Occurrence processing

Every single occurrence record in GBIF goes through a series of processing steps until it becomes available in the GBIF portal. Internally the processing is glued together by a messaging system that keeps our processing code independent of each other. The process can be devided up into 3 main parts: crawling datasets into fragments, parsing fragments into verbatim occurrences and interpreting verbatim values.

The outcome of each of these steps is available through our API. Every single occurrence record therefore has a raw fragment, verbatim and interpreted view. The corresponding timestamps lastCrawled, lastParsed and lastInterpreted indicate the exact last time each step has run.

Raw fragments

The very first step is to harvest data from the registered service endpoint in the GBIF registry. If multiple services are registered we prefer Darwin Core Archives (Dwc-A). On every dataset details page you can see all registered services in the external data section of the summary block. Similarily they are also included in a dataset detail from our JSON API.

In addition to Darwin Core Archives GBIF also supports crawling of the XML based BioCASe, TAPIR and DiGIR protocols. The outcome of any crawling regardless of its protocol is a set of fragments each representing a single occurrence record in it's raw form. In the case of Dwc-A this is a JSON representation of an entire star record, i.e. a single core record with all the related extension records attached. In the case of the XML protocols, a fragment is the exact piece of XML that we've extracted. Each protocol and content schema (ABCD1.2, ABCD2.06, DwC1.0, DwC1.4, ...) therefore still expose their entire content and nature. For example here are fragments of ABCD2.06 andDarwinCore.

An important part of fragmenting is to assign a stable GBIF identifier to each fragment. This is a delicate process that uses the occurrenceID, catalogNumber, collectionCode and institutionCode in combination with the dataset registry key to either mint a new identifier or reuse an existing one if the dataset has already been processed before.

See also

Verbatim records

Each fragment subsequently is then processed into a standard, Darwin Core based form which we call the verbatim representation of an occurrence. This form is very similar to a Darwin Core Archive star record, but it is a bit more structured and we limit the stored extensions to just 12 that we actually understand. At this stage the value of any individual term of a record is still untyped and has the exact verbatim value as found during crawling.

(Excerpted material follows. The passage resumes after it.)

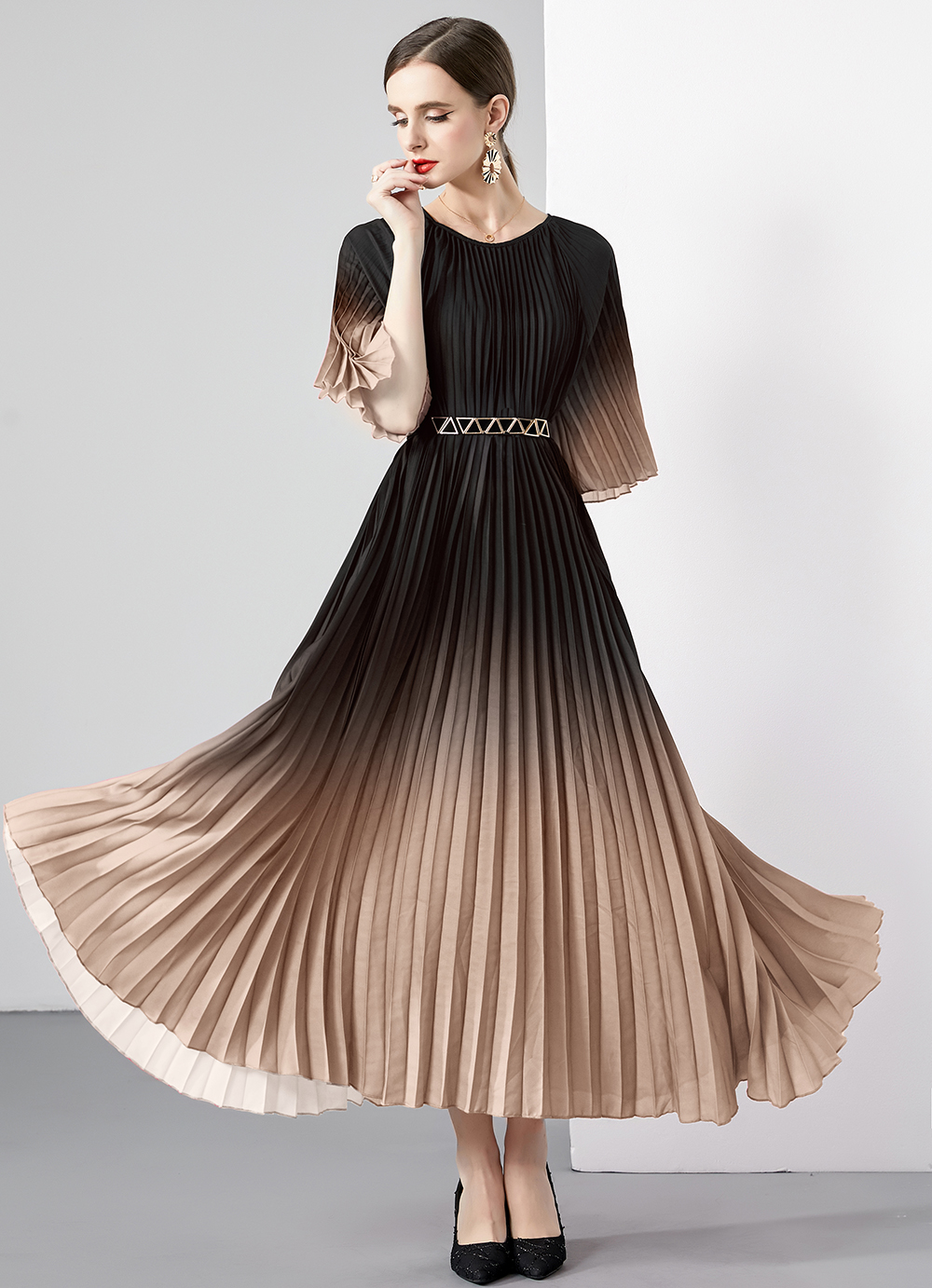 RY1543# 三宅皱褶 原版质量 5.5米超大裙摆 风琴百褶晕染连衣裙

Parsing has the biggest impact on ABCD fragments as these need to be translated to Darwin Core terms. We are still in the middle of improving the ABCD transformation, that's why you currently will not find all ABCD content in the verbatim version of a record.

    Interpreted record

    Once all records are available in the standard verbatim form they go through a set of interpretations. These do basic string cleanups but for many important properties we also use strong data typing. For example latitude and longitude values are represented by java doubles and the country, basis of record and many other terms which are based on a controlled vocabulary, are represented by fixed enumerations in our java API.

    ISSUES

    There are many things that can go wrong and we continously encounter unexpected data. In order to help us and publishers to improve the data, we flag records with variousissues that we have encountered. This is also very useful for data consumers as you can include these issues as filters in occurrence searches. Not all issues indicate bad data. Some are merley flagging the fact that GBIF has altered values during processing. On the details page of any occurrence record you will see the list of issues in the notice at the very bottom.

    DARWIN CORE VS GBIF TERMS

    For the interpreted records we use Darwin Core terms as much as possible, but there are some cases when we needed to mint new terms in the GBIF namespace. Often these are very GBIF specific things, but in some cases we opted against existing terms in favor of consistency in our API. This is primarily the case for anything related to accuracy. Darwin Core sometimes represents accuracy by providing a minimum and a maximum term, sometimes there is an explicit precision or accuracy term. We decided to be consistent and always use a single term, e.g. depth, accompanied by a matching accuracy term, in this case depthAccuracy.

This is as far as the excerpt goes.